__The data__.

---*---

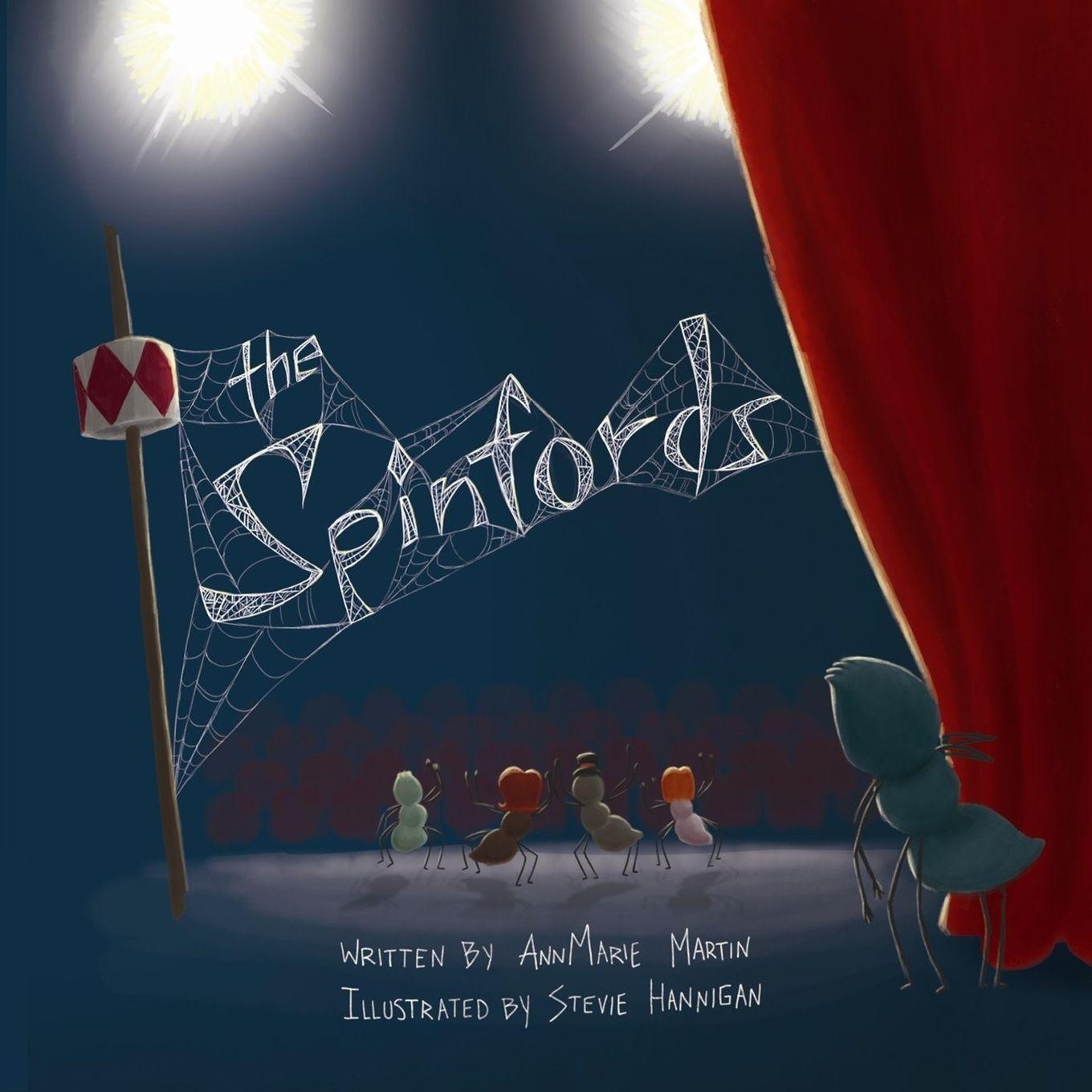 Vorderes Coverbild The Spinfords
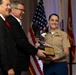 Blount Island Marine Earns Clay County Military Excellence Award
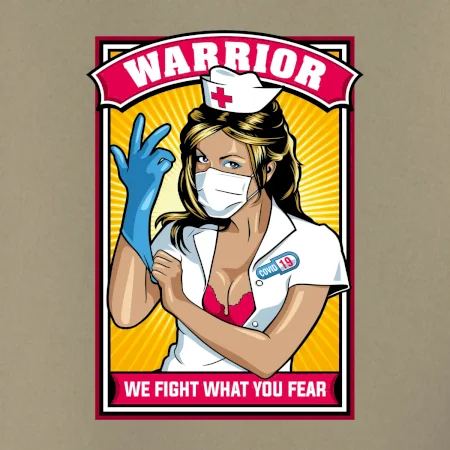 Corona Nurse warrior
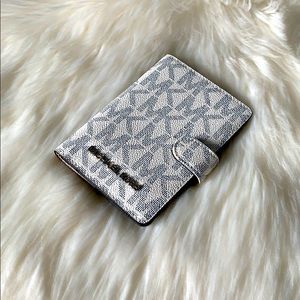 MK passport holder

---*---

__What you are asked to do__. Repeat the material verbatim. Do not carry over any picture.

__Task output__.
 Vorderes Coverbild The Spinfords
 Blount Island Marine Earns Clay County Military Excellence Award
 Corona Nurse warrior
 MK passport holder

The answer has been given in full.